**TRY IT:** No pictures belong in the copy, but every line of the material below must be reproduced exactly.

**SUPPLIED DATA:**
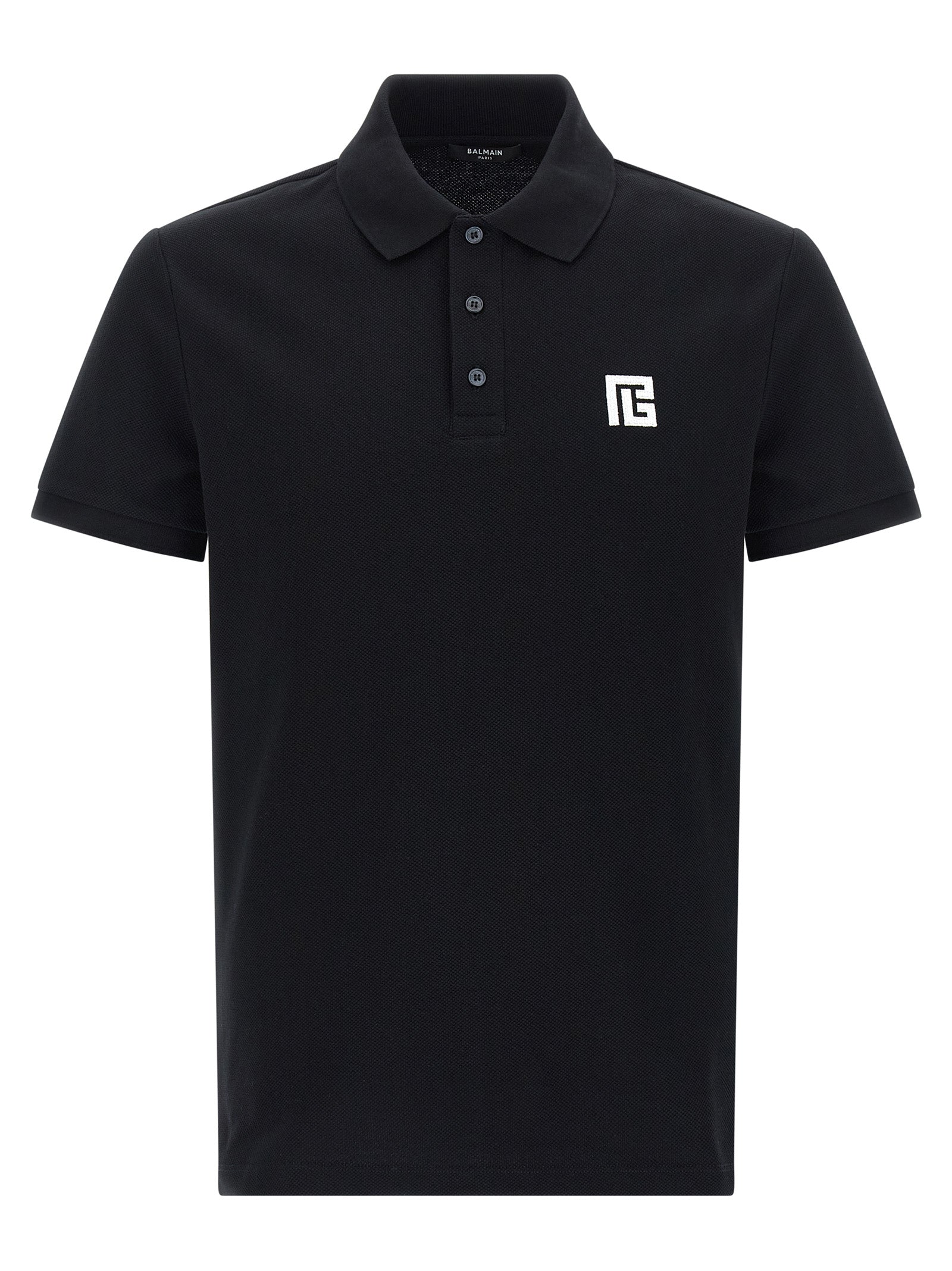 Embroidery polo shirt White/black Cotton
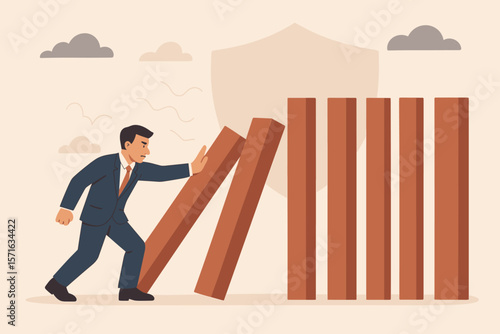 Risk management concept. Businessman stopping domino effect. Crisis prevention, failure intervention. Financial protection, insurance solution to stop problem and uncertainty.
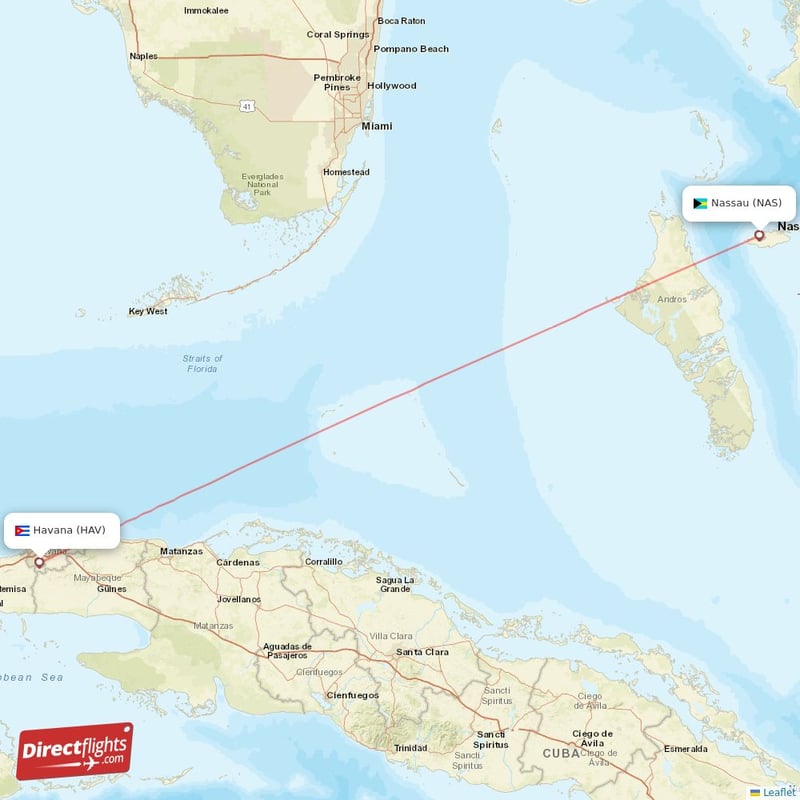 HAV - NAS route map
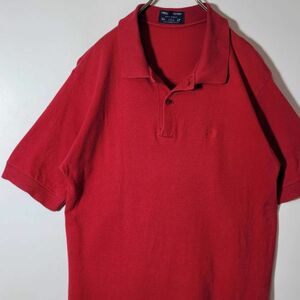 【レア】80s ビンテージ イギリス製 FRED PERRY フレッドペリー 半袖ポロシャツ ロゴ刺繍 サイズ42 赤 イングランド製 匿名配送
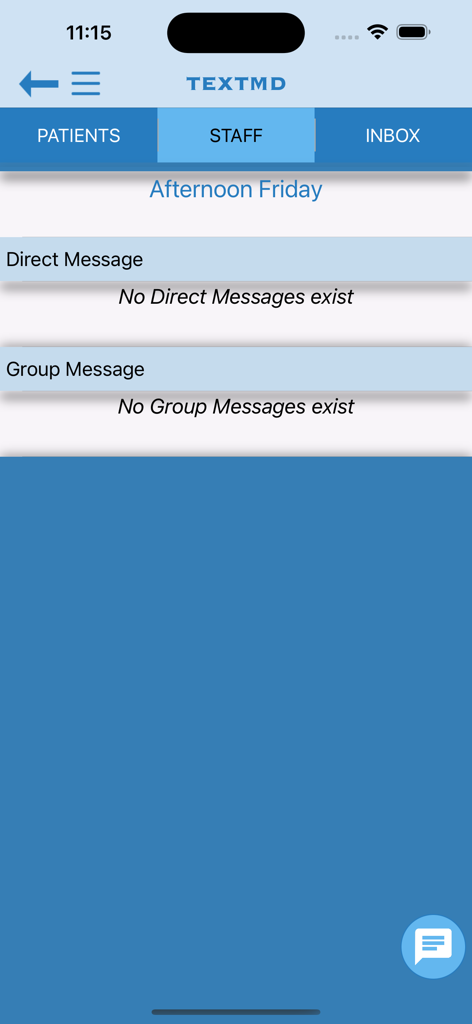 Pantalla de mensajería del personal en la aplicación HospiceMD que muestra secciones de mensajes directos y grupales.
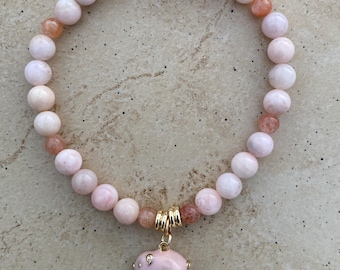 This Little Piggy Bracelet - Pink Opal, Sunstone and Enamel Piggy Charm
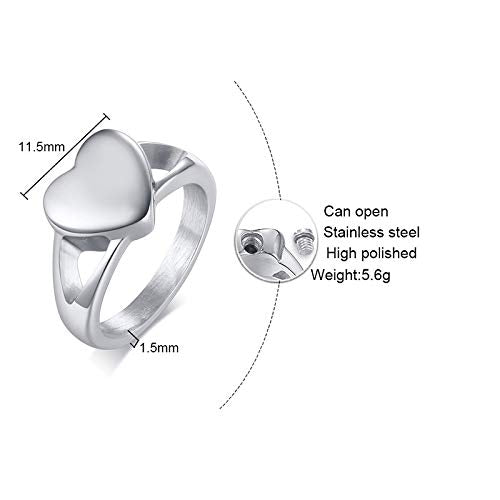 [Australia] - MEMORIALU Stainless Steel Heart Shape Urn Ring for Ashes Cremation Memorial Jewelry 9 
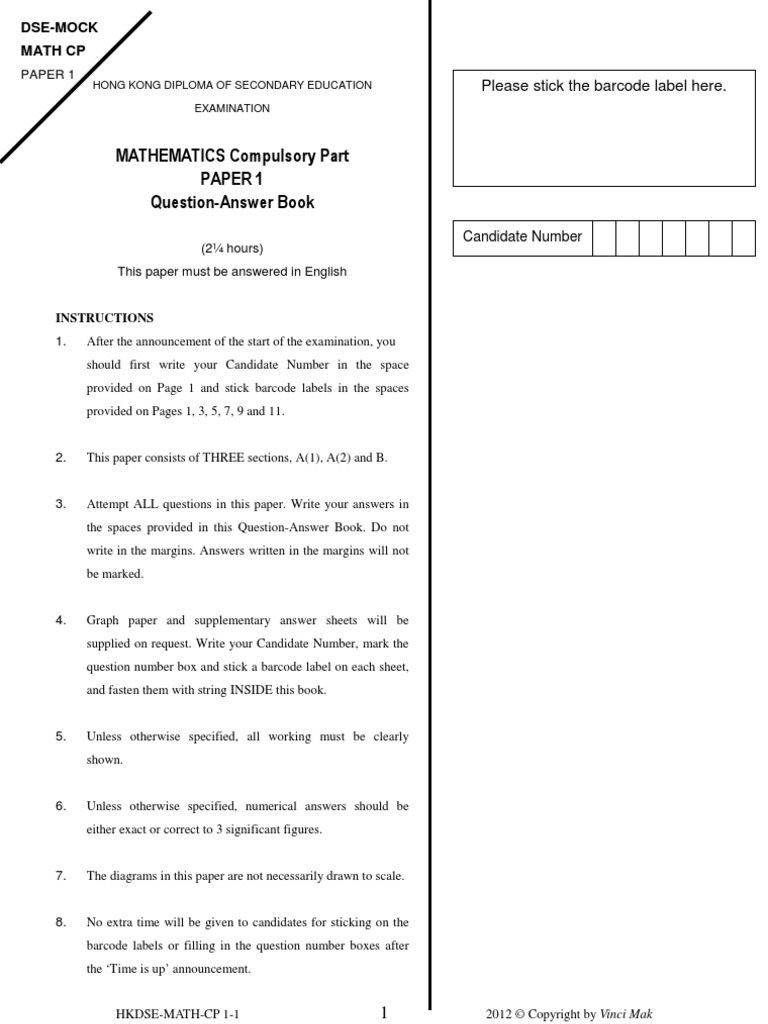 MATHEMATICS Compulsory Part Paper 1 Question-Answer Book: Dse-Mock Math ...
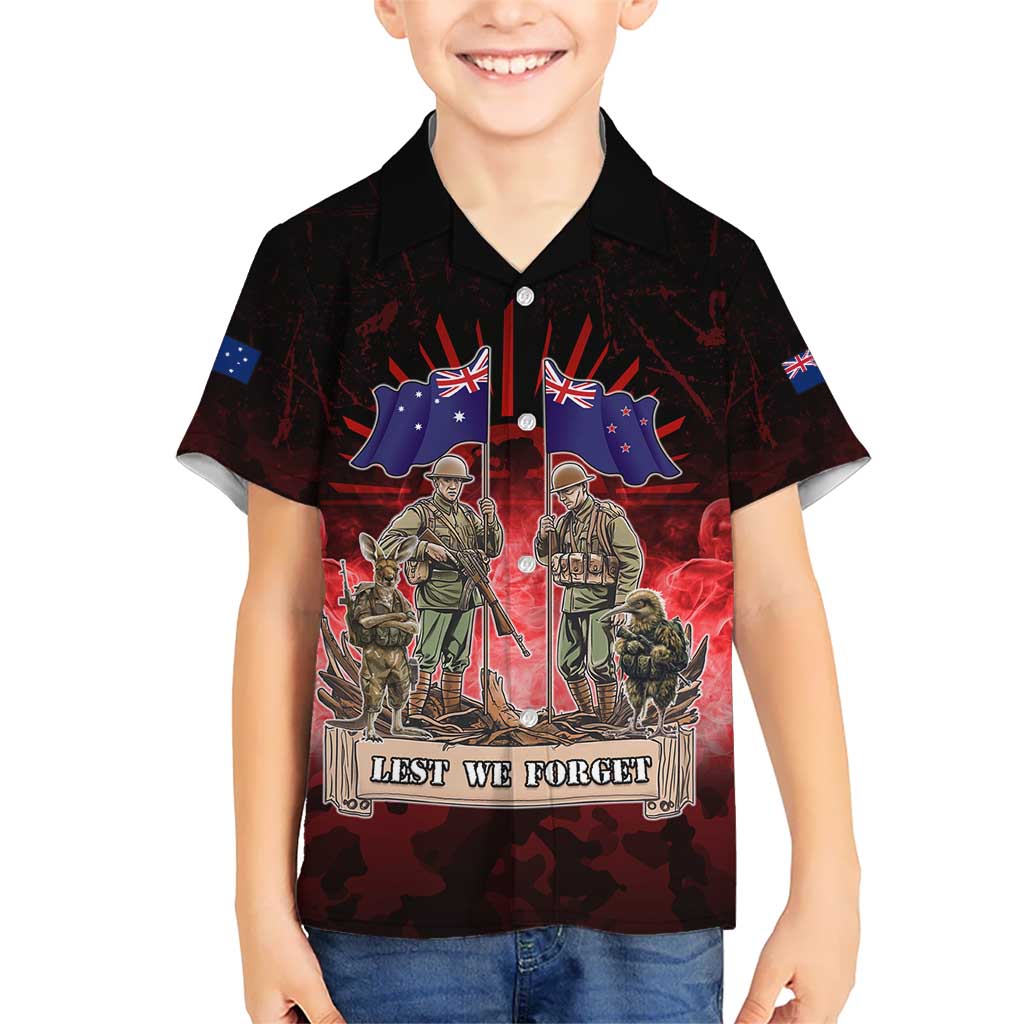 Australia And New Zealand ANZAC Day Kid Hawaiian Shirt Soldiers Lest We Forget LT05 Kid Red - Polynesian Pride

**TASK ANSWER:**
 Embroidery polo shirt White/black Cotton
 Risk management concept. Businessman stopping domino effect. Crisis prevention, failure intervention. Financial protection, insurance solution to stop problem and uncertainty.
 HAV - NAS route map
 【レア】80s ビンテージ イギリス製 FRED PERRY フレッドペリー 半袖ポロシャツ ロゴ刺繍 サイズ42 赤 イングランド製 匿名配送
 Pantalla de mensajería del personal en la aplicación HospiceMD que muestra secciones de mensajes directos y grupales.
 This Little Piggy Bracelet - Pink Opal, Sunstone and Enamel Piggy Charm
 [Australia] - MEMORIALU Stainless Steel Heart Shape Urn Ring for Ashes Cremation Memorial Jewelry 9 
 MATHEMATICS Compulsory Part Paper 1 Question-Answer Book: Dse-Mock Math ...
 Australia And New Zealand ANZAC Day Kid Hawaiian Shirt Soldiers Lest We Forget LT05 Kid Red - Polynesian Pride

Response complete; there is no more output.